Fasten the wooden blocks to the plastic base with the screw eyes; the screws should enter from the bottom of the base, fastening the blocks on top of the base. Two screw eyes should fasten each block, parallel to each other and placed 1/2 inch from each side of the plastic base.
Fit each axle through the screw eyes on the underside of the plastic base. Place a piece of the plastic tubing on the left and right side of each axle, flush with the screw eyes. Attach the wheels to the axles.
Poke the brass fasteners through the top of the plastic base and fasten; they should be close enough together so that the paper clip will fit over both. Hook one end of the paper clip over one of the fasteners to form the circuit switch.
Place the battery holder on the plastic base, lengthwise against the wooden block. Glue the battery holder to the block.

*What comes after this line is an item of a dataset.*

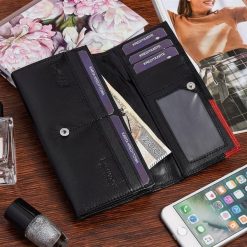 Damski skórzany portfel duży poziomy retro RFiD czarny BELTIMORE 040. Czarne portfele bez wzorów. Za 55.17 zł.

Strip a 3/8-inch section of plastic from the ends of each piece of wire. Connect one end of a red wire to the battery holder's positive end; connect the other end of this wire to the nearest brass fastener. Connect the other red wire to the other brass fastener and leave one end free. Connect the black wire to the battery holder's negative end, leaving its other end free.
Glue the motor mount onto the plastic base, lengthwise against the battery holder. Make sure it's at the edge of the base. Attach the motor pulley to the motor and position the motor into the motor clip. Place one end of the rubber band around the motor pulley; place the other end of the rubber band around the far axle, on the same side. The rubber band should be tight.
Connect the free red and black wires to the appropriate terminals on the motor. Close the paper clip switch; this should complete the electric circuit and cause the car to move.
Mini electric car kits that contain all the required materials are available online or at hobby shops. Alternatively, you can buy the individual parts and cut them to size. Use double-sided tape instead of glue if you don't have time to wait for glue to dry.